National Center for Biotechnology Information, National Library of Medicine, National Institutes of Health Bethesda, MD 20894, USA.
J Mol Graph Model. 2011 Sep;30:135-47. doi: 10.1016/j.jmgm.2011.06.013. Epub 2011 Jul 7.
Cathepsin B has been found being responsible for many human diseases. Inhibitors of cathepsin B, a ubiquitous lysosomal cysteine protease, have been developed as a promising treatment for human diseases resulting from malfunction and over-expression of this enzyme. Through a high throughput screening assay, a set of compounds were found able to inhibit the enzymatic activity of cathepsin B. The binding structures of these active compounds were modeled through docking simulation. Three-dimensional (3D) quantitative structure-activity relationship (QSAR) models were constructed using comparative molecular field analysis (CoMFA) and comparative molecular similarity indices analysis (CoMSIA) based on the docked structures of the compounds. Strong correlations were obtained for both CoMFA and CoMSIA models with cross-validated correlation coefficients (q²) of 0.605 and 0.605 and the regression correlation coefficients (r²) of 0.999 and 0.997, respectively. The robustness of these models was further validated using leave-one-out (LOO) method and training-test set method. The activities of eight (8) randomly selected compounds were predicted using models built from training set of compounds with prediction errors of less than 1 unit for most compounds in CoMFA and CoMSIA models. Structural features for compounds with improved activity are suggested based on the analysis of the CoMFA and CoMSIA contour maps and the property map of the protein ligand binding site. These results may help to provide better understanding of the structure-activity relationship of cathepsin B inhibitors and to facilitate lead optimization and novel inhibitor design. The multi-conformation method to build 3D QSAR is very effective approach to obtain satisfactory models with high correlation with experimental results and high prediction power for unknown compounds.
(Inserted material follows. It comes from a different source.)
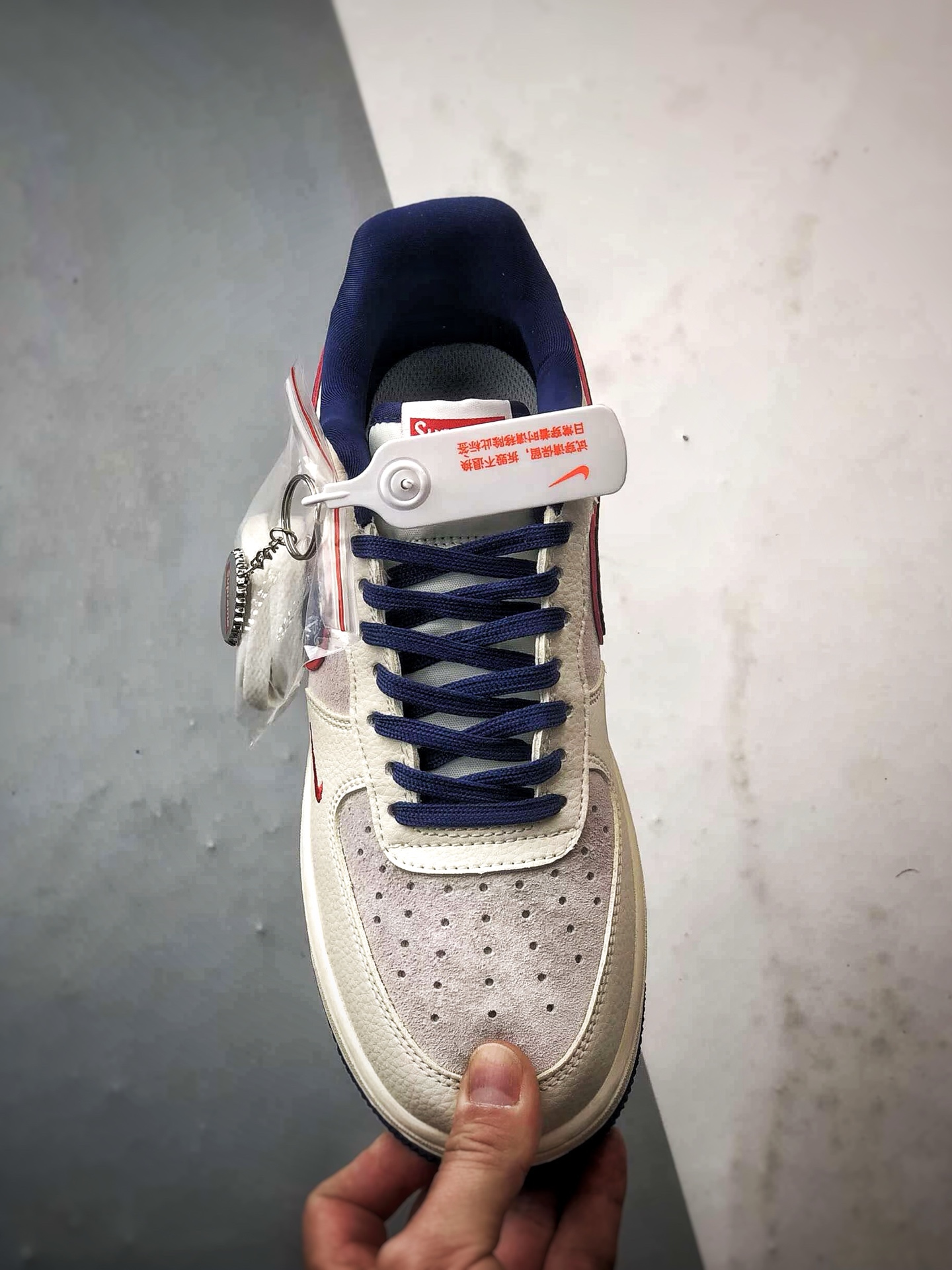 Sup x Air Force 1 Low 米蓝红 DD1982-328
组织蛋白酶 B 已被发现与许多人类疾病有关。组织蛋白酶 B 抑制剂是一种广泛存在的溶酶体半胱氨酸蛋白酶抑制剂,已被开发为治疗因该酶功能障碍和过度表达而导致的人类疾病的一种有前途的方法。通过高通量筛选试验,发现了一组能够抑制组织蛋白酶 B 酶活性的化合物。通过对接模拟,构建了这些活性化合物的结合结构模型。使用比较分子场分析(CoMFA)和比较分子相似性指数分析(CoMSIA)基于化合物的对接结构构建了三维(3D)定量构效关系(QSAR)模型。CoMFA 和 CoMSIA 模型均获得了很强的相关性,交叉验证相关系数(q²)分别为 0.605 和 0.605,回归相关系数(r²)分别为 0.999 和 0.997。通过留一法(LOO)和训练-测试集方法进一步验证了这些模型的稳健性。使用来自训练集的化合物构建模型,对 8 个(8)个随机选择的化合物的活性进行预测,在 CoMFA 和 CoMSIA 模型中,大多数化合物的预测误差小于 1 个单位。根据 CoMFA 和 CoMSIA 等高线图和蛋白质配体结合位点的性质图的分析,提出了具有改善活性的化合物的结构特征。这些结果可能有助于更好地理解组织蛋白酶 B 抑制剂的构效关系,并有助于先导化合物优化和新型抑制剂的设计。构建 3D QSAR 的多构象方法是一种非常有效的方法,可以获得与实验结果高度相关且对未知化合物具有高预测能力的满意模型。